Auch wenn viele Katholiken noch verunsichert sind und dem Alten nachtrauern - die Debatten in Osnabrück über die Zukunft der Kirche lassen deutlich erkennen, dass der Wille, als Kirche ganz neue Wege zu gehen, da ist. Dabei scheuen immer mehr Engagierte auch nicht davor zurück, angesichts der existenziellen Herausforderung die katholische Unterscheidung zwischen Klerus und Laien zumindest stark zu relativieren. Diese Unterscheidung sei zwecklos, wenn sie dem Kerngeschäft der Kirche im Weg stehe, so Rainer Bucher. Diese Unterscheidung müsse zurücktreten, damit Menschen (auch ohne Priester) »das Brot miteinander brechen können«, so der Theologe Hermann Häring unter Verweis auf die Praxis vieler Katholiken in den Niederlanden.

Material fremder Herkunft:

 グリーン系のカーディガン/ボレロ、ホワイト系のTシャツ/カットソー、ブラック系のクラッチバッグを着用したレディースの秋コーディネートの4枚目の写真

Das ZdK will über diese und andere brennende Fragen ein öffentliches Zukunftsgespräch führen. In der Gemeinsamen Konferenz, in der Vertreter der Bischofskonferenz und des ZdK zusammenkommen, findet die Idee Zustimmung. Doch die Mehrheit der Bischofskonferenz bremst. Zum einen haben diese Bischöfe Angst, dass die alten, ungelösten Probleme auf den Tisch kommen - Zölibat, Frauenordination, Umgang mit wiederverheirateten Geschiedenen -, die man nicht mehr hören mag und für die man sich auch nicht zuständig fühlt; zum anderen sitzt der Ärger bei vielen Bischöfen tief, dass das ZdK in seiner breiten Mehrheit die Arbeit des Schwangerenberatungsvereins Donum vitae unterstützt - gegen den erklärten Willen der Bischöfe. »Man will sich nicht mit uns an einen Tisch setzen«, ist in Osnabrück am Donum-vitae-Stand zu hören.

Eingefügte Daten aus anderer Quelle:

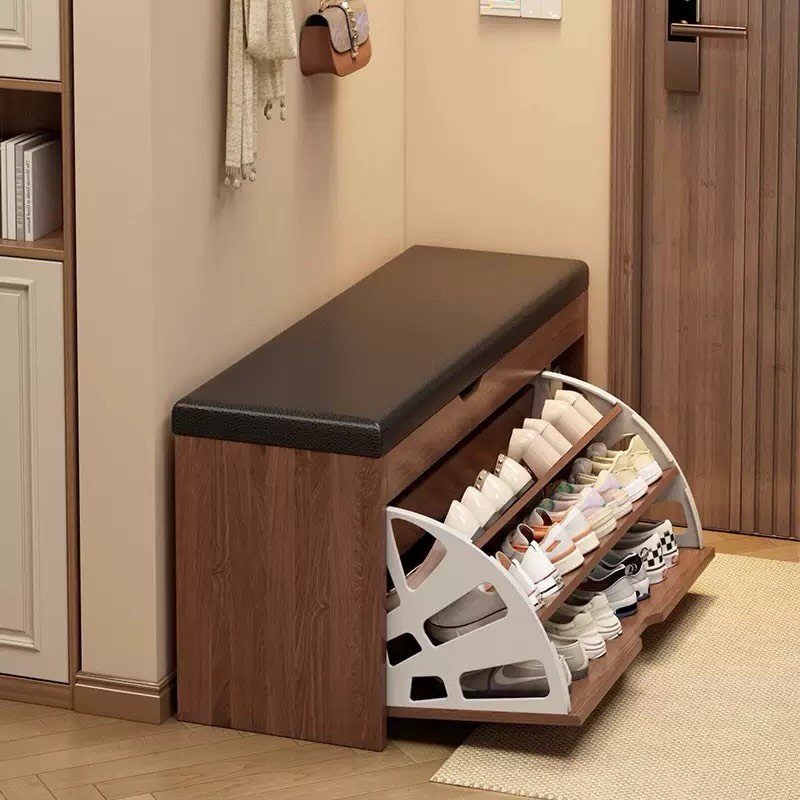 Brown wooden shoe storage bench with black seat and open tilt-out shoe drawer.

Aus dem ZdK wiederum ist zu vernehmen, dass man das Zukunftsgespräch auf jeden Fall will. »Den Bistümern fehlt eine gemeinsame Vision«, klagt ZdK-Vizepräsident Heinz-Wilhelm Brockmann. Und seine Kollegin Claudia Lücking-Michel bekennt im Gesprächszelt der Kirchenvolksbewegung offen: »Es ist Feuer unterm Dach!« Im Herbst soll darüber ausführlich debattiert werden. Der Vorsitzende der Bischofskonferenz, der Freiburger Erzbischof Robert Zollitsch, soll - so ist zu hören - den Vorschlag gar nicht so abwegig finden. Doch er muss seine skeptischen Mitbrüder überzeugen. Ob das ZdK willens ist und die Kraft hat, ein solches pastorales Zukunftsgespräch in eigener Regie durchzuführen, ist offen. Für die Streiter von Wir sind Kirche und IKvu jedenfalls ist klar: Veränderungen in der Kirche müssen von unten angestoßen werden - besonders, wenn man für den Glauben »brennt«.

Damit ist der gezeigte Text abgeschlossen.